Find and replace

dvdauthority has asked for the wisdom of the Perl Monks concerning the following question:

Replies are listed 'Best First'.
(jeffa) Re: Find and replace by jeffa (Bishop) on Oct 18, 2001 at 19:27 UTC
Yes, Perl is an excellent choice for this problem. You will need to look into one of the many HTML parsers available on CPAN, such as HTML::Parser or my personal fav, HTML::TokeParser. Once you find the right 'keys' to extract the target info, i assume you will want to store them somewhere, such as a database. You will need to look into the DBI modules on CPAN. If you are planning on using Perl to _convert_ each entire page into .asp - well, that's going to be a bit tougher. You are going to need some man hours any way you slice it. If the pages have a lot of commonality then the task will be easier, but you still need to plan this one out. My experience in the past with porting scripts and such is usually to issue a ton of clever Perl one-liner substitutions only to find that i still have to make some changes by hand.
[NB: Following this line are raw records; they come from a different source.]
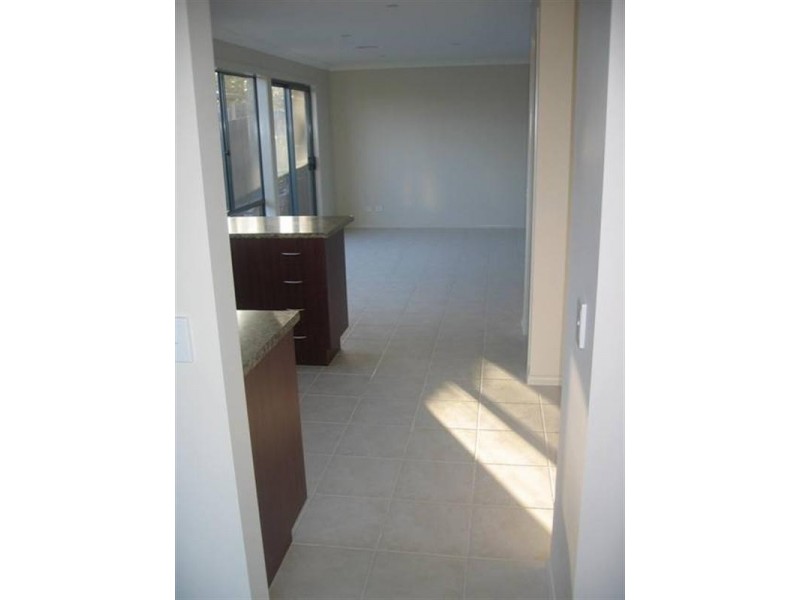 6 Clarey Avenue, Seymour VIC 3660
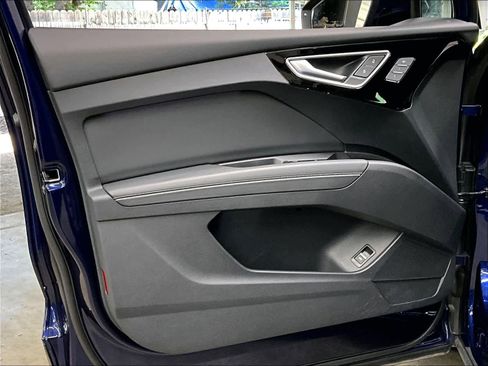 Used 2023 Audi Q4 e-tron Premium Plus w/ Premium Plus RWD image 24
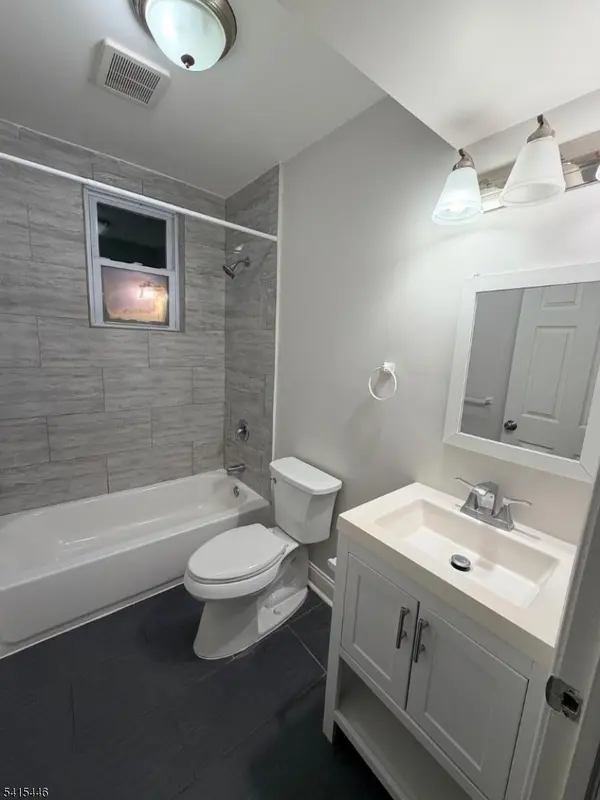 469 Alden St #2, City Of Orange Twp., NJ 07050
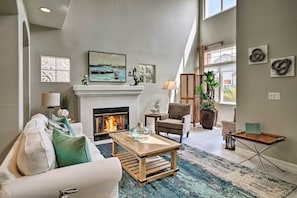 House (2 Bedrooms) | Interior - Oceanside Home w/ Rooftop Patio, Walk to Beach! (Oceanside)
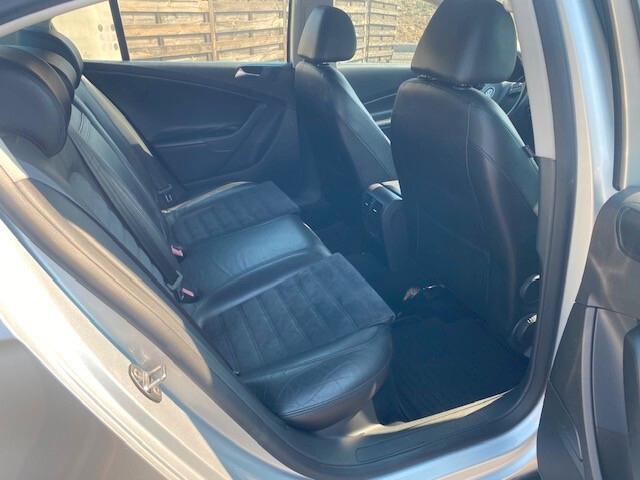 Volkswagen Passat 2.0 TDI DPF Highline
Good luck, and keep it legal ;) jeffa	[reply]
Re: Find and replace by alien_life_form (Pilgrim) on Oct 18, 2001 at 19:25 UTC
Greetings. You are probably looking for either HTML::Parser or its brethren HTML::Treebuilder. Cheers alf	[reply]
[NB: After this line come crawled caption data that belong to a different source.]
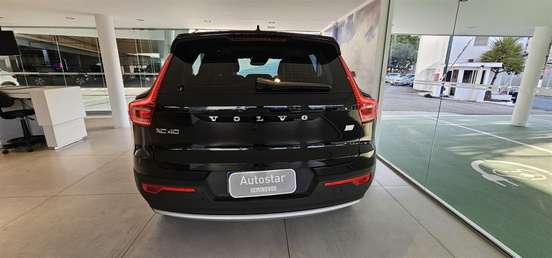 VOLVO-XC40-2021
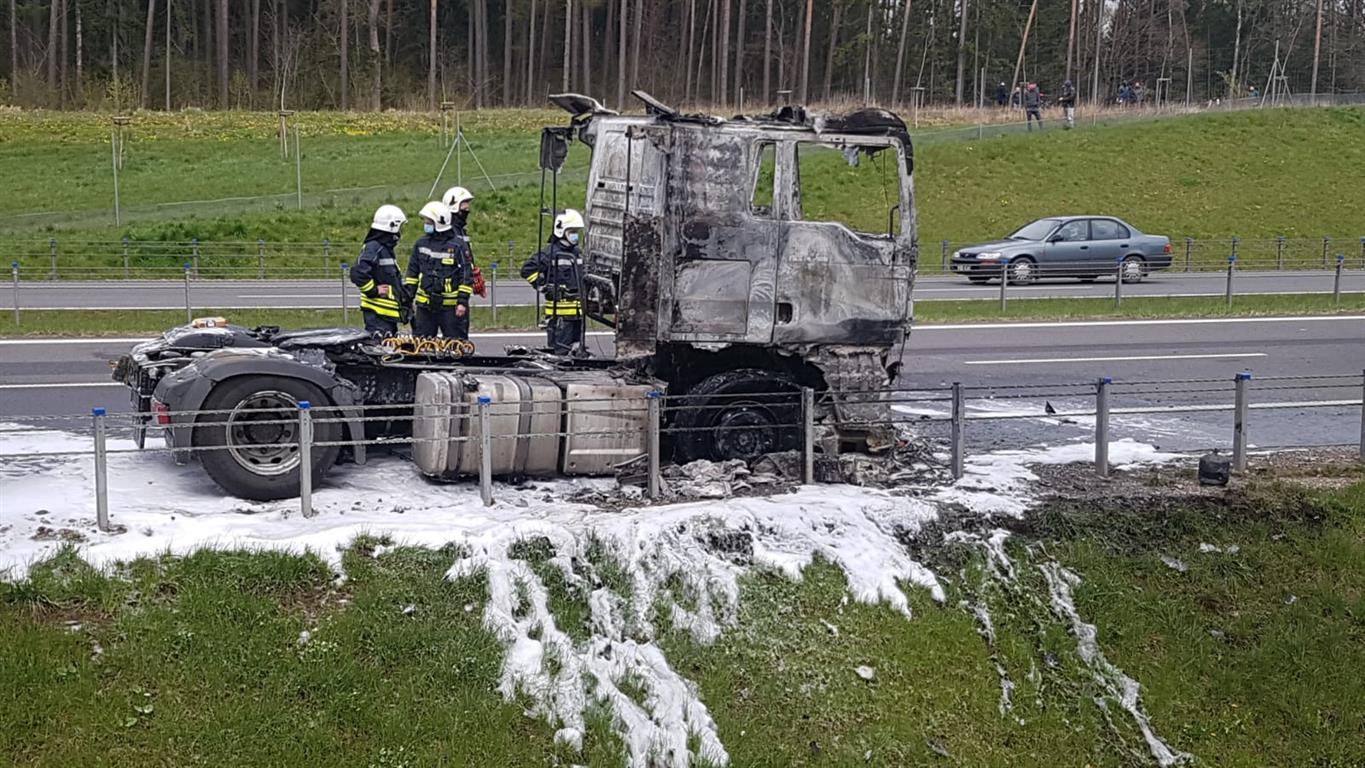 Pożar ciężarówki na obwodnicy Olsztyna pożar Wiadomości, Olsztyn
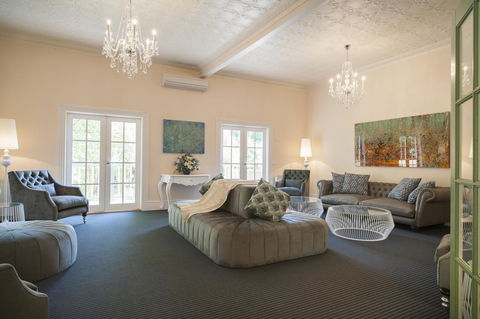 Oscar\'s On The Yarra - Tourism Cairns 4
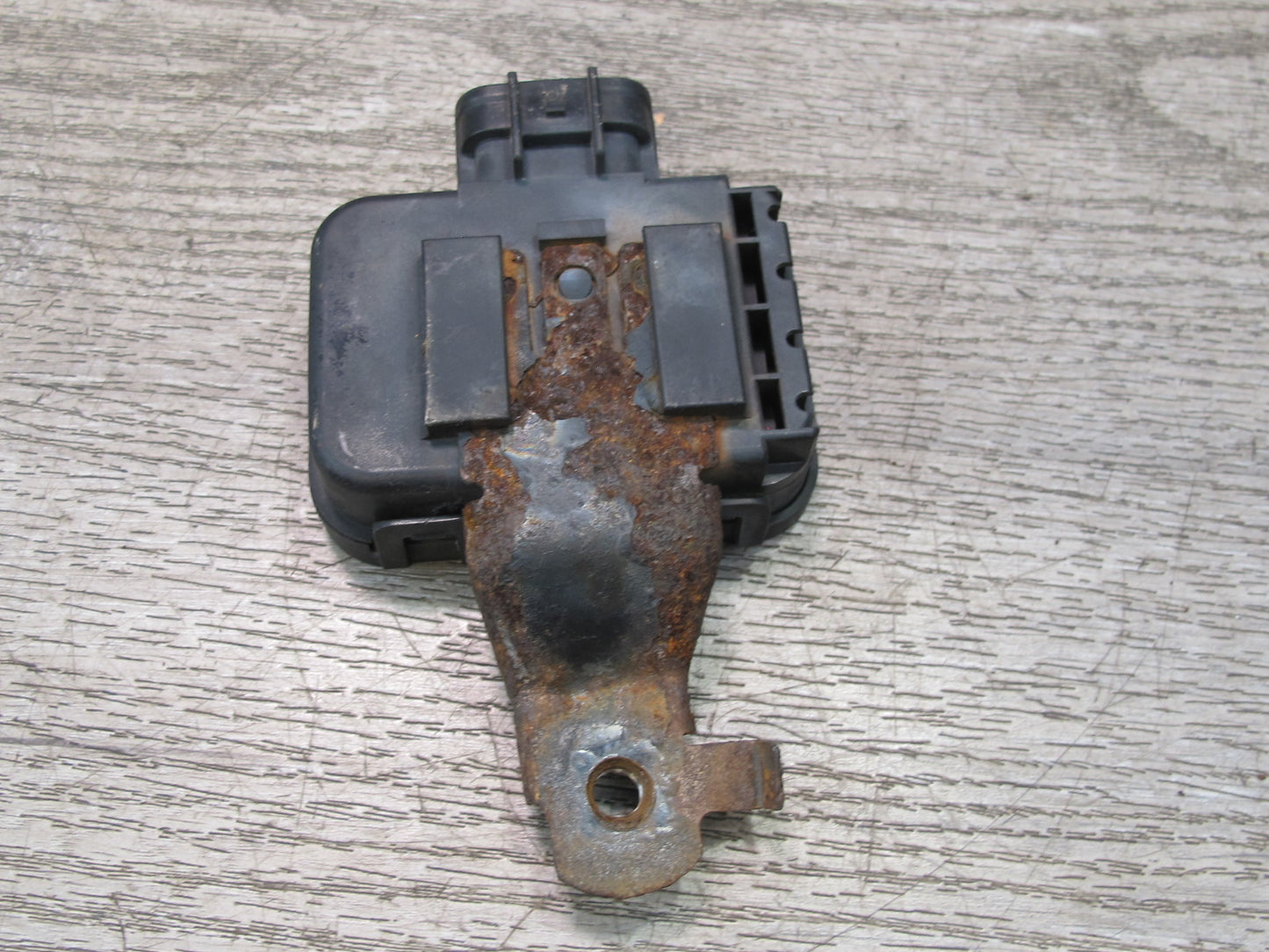 1998-2002 Lexus UZJ100L LX470 Smoke Sensor W/ BRACKET88898-60020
Re: Find and replace by Rich36 (Chaplain) on Oct 18, 2001 at 20:02 UTC
What kind of solution are you looking at for interfacing with your data? Like alf and jeffa suggested, HTML::Parse or HTML::TokeParser would probably be the way to go to actually get the data. If you're using some kind of database solution, consider outputting the parsed data into a file as columns (space/tab/character delimited fields) so that you can easily import the data into a table format. Rich36	[reply]
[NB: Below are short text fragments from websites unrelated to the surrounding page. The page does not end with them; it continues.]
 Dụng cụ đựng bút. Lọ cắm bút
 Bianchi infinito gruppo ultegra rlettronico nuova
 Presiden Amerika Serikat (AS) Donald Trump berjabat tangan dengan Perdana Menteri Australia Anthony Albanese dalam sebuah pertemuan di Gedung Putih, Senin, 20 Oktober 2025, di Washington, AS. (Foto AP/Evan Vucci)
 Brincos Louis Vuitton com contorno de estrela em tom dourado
Re: Find and replace by Anonymous Monk on Oct 18, 2001 at 20:31 UTC
I don't think you'll be needing HTML::Parser, your html-code isn't really clean enough for that, and you don't want to deal with all the nasty font-tags. A few patterns should get the job done much faster. I only tested with two reviews, here's what I got so far: # find the place where the features start: $_ = <IN> until m/face=arial color=white/; # now read the dvd features FEATURE: while(<IN>) { last FEATURE if m/blcorn.jpg/ or m/td/; m/src="(.).jpg">( )([^<]+)/ and print "$3: $1\n"; } while($_ = <IN>) { last if /<p>/; } $_ =~ s/.<b>//; $_ =~ s/<.//; print "Title: $_"; $_ = <IN>; s/^\s//; s/<.//; print $_; # that's the studio $_ = <IN>; s/^\s//; $_ =~ s/Reviewed by: //; $_ =~ s\|</font>\|\|; $_ =~ s\|</p>\|\|; print $_; # that's the reviewer # now for the text of the review: REVIEW: while ( $_ = <IN> ) { last REVIEW if m/<table/ or m/center/; $r .= $_; } # now some magic to clean up the font-soup: $r =~ s\|<font[^>]>\|\|g; $r =~ s\|</font>\|\|g; # now some magic to turn <br> <br> into <p>, $r =~ s\|<b>\s<br>\|<br><b>\|gs; # extra magic $r =~ s\|<br>(\s<br>)+\|<p>\|gs; # now we can recognize the headlines, and turn them into <h2> $r =~ s\|<p>\s<b>\s([^<]+)\s</b>\s*<br>\|<h2>$1</h2>\|gs; print $r; close IN; [download] aargh, data munging at it's dirtiest. You should probably read davorgs book on Data Munging with Perl, and learn how to do this in a more organized, controlable way. P.S. if you were serious about giving away dvds: Brigitte Jellinek Horus IT GmbH Jakob Haringer Str. 8 5020 Salzburg Austria EUROPE	[reply] [d/l]
Re: Re: Find and replace by davorg (Chancellor) on Oct 19, 2001 at 12:56 UTC
There's a section in my book (section 8.2) that explains in detail exactly why you shouldn't parse HTML with regular expressions. HTML::TreeBuilder (which, I think, would be the most useful module for this task) goes to great lengths to try to make sense of invalid HTML. It'll handle just about anything that you throw at it. -- <http://www.dave.org.uk> "The first rule of Perl club is you don't talk about Perl club."	[reply]
Re: Re: Find and replace by dvdauthority (Initiate) on Oct 18, 2001 at 22:10 UTC
First off, thanks for all the help/input guys...guess my .asp comment wasn't that bad after all! ha. I do have most of my stuff stored in a SQL database, so I have that base covered. It has links,author,studio and so on. I'll start off by saying that I have no clue how Perl works and I have no experience in it. I am serious about the DVD thing. If this will work, it will save me three or four weeks of hard programming. Drop me a line and hopefully we can see if we can go somewhere from there. Thanks again... Matt matt@dvdauthority.com	[reply]
Re: Re: Re: Find and replace by alien_life_form (Pilgrim) on Oct 19, 2001 at 13:19 UTC
Greetings. If you really have no perl clue/experience... you're in four three or four weeks of hard perl learning, followed by three or four hours of not extremely hard programming. Of course, at the end of the day you'll end up as somebody who knows perl, as opposed to somebody who knows how to cut and paste.... If you don't have that kind of time, a hired perl gun may be your next best choice. As for the issue at hand, I still stand by HTML::Treebuilder - and not only for aesthetical reasons. But regardless, you should know that, when your review cleaning code is ready, you could top everything off by using DBI to stuff them in your SQL database - directly from perl. Cheers, alf	[reply]